# Foam under tank



## joevc1 (Dec 17, 2007)

Can anyone suggest what type of foam is used under the tank.
I'm building a DIY stand for a 125g and need to plan for it.
Also, how thick is it and does it compress with the weight of the tank?
The trim around the top of the stand has to cover the foam and tank rim.

Thanks.


----------



## Mcdaphnia (Dec 16, 2003)

I cut pieces out of the flat parts of styrofoam egg cartons. It will squish with time, but not as drastically as thicker but less dense styro. Did I mention it's free?


----------



## joevc1 (Dec 17, 2007)

Well, stand is almost done and I'm going to use foamcore boards that are 3/16" thick.
I plan to use 2 layers, what would be the best option?

Option 1:

Tank
1 layer of foam
plywood top
1 layer of foam
2x4 frame

or

Option 2:

Tank
2 layers of foam
plywood top
2x4 frame

I like option 1 since the foam will fill in any gaps between the plywood and also the tank.

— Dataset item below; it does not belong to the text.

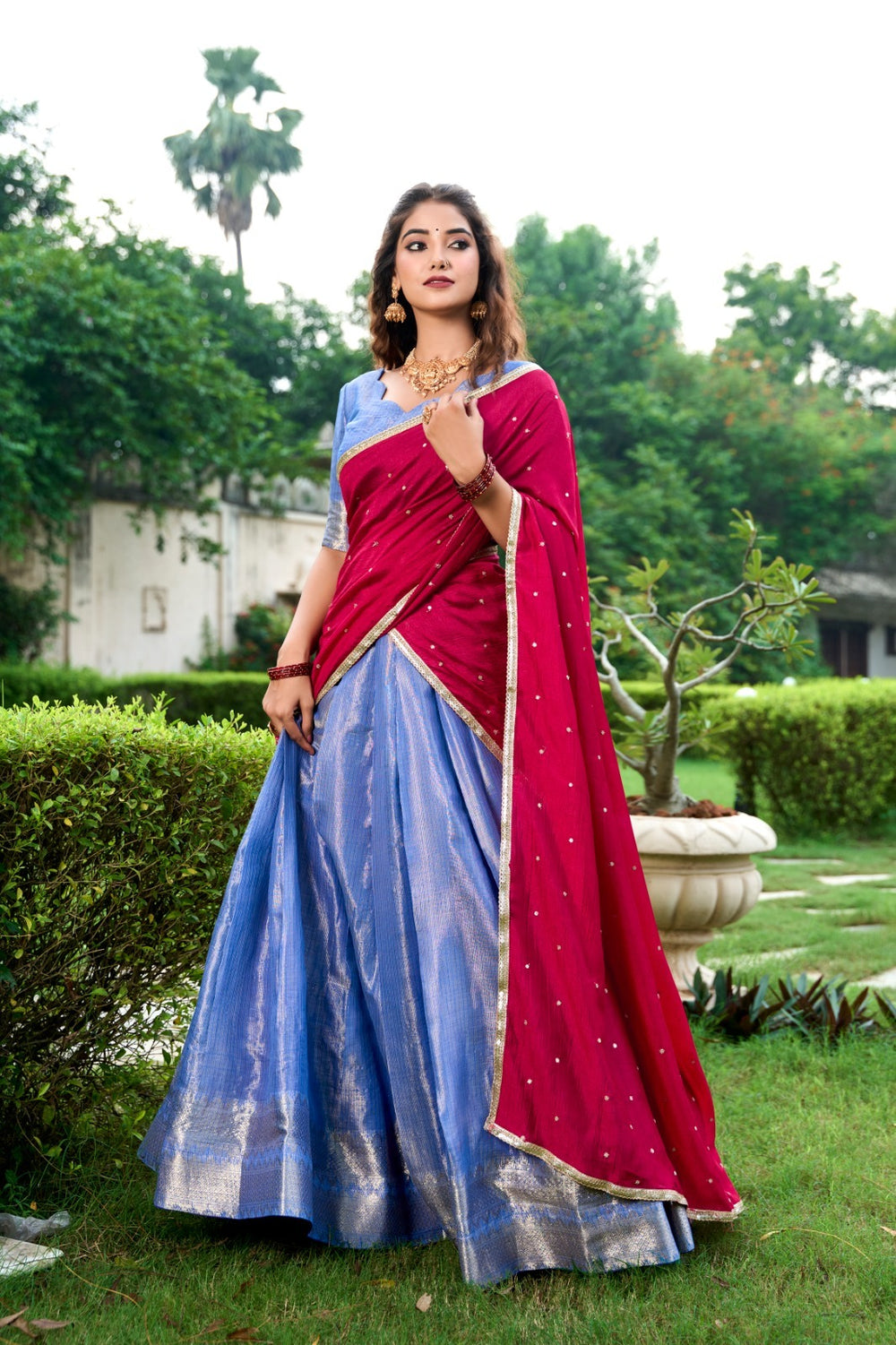 Exquisite Sea Blue Color Kanchipuram Zari Weaving Work Lehenga, perfect for weddings and special occasions, featuring intricate weaving details and stunning craftsmanship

All comments welcome. Thanks.


----------



## Big Den (Apr 5, 2008)

I always use styrafoam 1 inch thick, same size as bottom of tank. If you are using 2 pieces its best with one on top of other. The object is that, if there are any small lumps and bumps the foam will compress over it. It also acts as a shock absorber. Also I would make the top at least 18mm plywood. What are the tank dimensions?


----------



## joevc1 (Dec 17, 2007)

Big Den said:


> I always use styrafoam 1 inch thick, same size as bottom of tank. If you are using 2 pieces its best with one on top of other. The object is that, if there are any small lumps and bumps the foam will compress over it. It also acts as a shock absorber. Also I would make the top at least 18mm plywood. What are the tank dimensions?

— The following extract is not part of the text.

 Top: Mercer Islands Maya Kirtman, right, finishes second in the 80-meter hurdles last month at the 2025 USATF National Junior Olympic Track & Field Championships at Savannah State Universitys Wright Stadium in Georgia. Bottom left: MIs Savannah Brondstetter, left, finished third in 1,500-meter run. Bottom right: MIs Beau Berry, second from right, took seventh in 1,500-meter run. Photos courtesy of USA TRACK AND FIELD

The tank is a 125g, 72"x18", with a 3/4" plywood base.
I was going to put 1 layer under the plywood to compensate for any "bumps" and 1 over it and then the tank.


----------



## Big Den (Apr 5, 2008)

No! put both layers under the tank. Under the plywood would serve no purpose.


----------



## Mcdaphnia (Dec 16, 2003)

Big Den said:


> No! put both layers under the tank. Under the plywood would serve no purpose.

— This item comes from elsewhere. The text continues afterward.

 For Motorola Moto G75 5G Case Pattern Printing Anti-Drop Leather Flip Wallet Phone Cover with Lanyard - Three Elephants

 Well, a layer under the plywood would still act as insulation. You would not want the plywood supported by the foam since it would then be unstable.

As to using two layers of foam or any number of layers totalling one inch..... If your tank has a floating bottom, and nearly all do any more, you do not want the foam under the tank to be as thick or thicker than the space under the floating glass bottom. If the sides crush down into the foam which they will, a too thick foam sheet will be pushing up on the tank bottom, risking a leak or crack.


----------



## joevc1 (Dec 17, 2007)

First, the foam I have is only 3/16 of an inch thick, two layers would only be 3/8 of an inch.
I thought if I put a layer under the plywood it would fill in any uneven gaps between the stand frame and the plywood deck. I realize it would crush down a bit but it would also fill in any gaps.
Then the plywood would be more even/level throughout its span. The second layer on top of the plywood would also act as a cushion.

The frame is built with 2x4 vertical studs all cut to the same exact size, but the gluing and screwing assembly could have caused something to be slightly off. This was my thought behind putting the foam under the plywood. Or, I'll just put 2 layers on top and be done with it.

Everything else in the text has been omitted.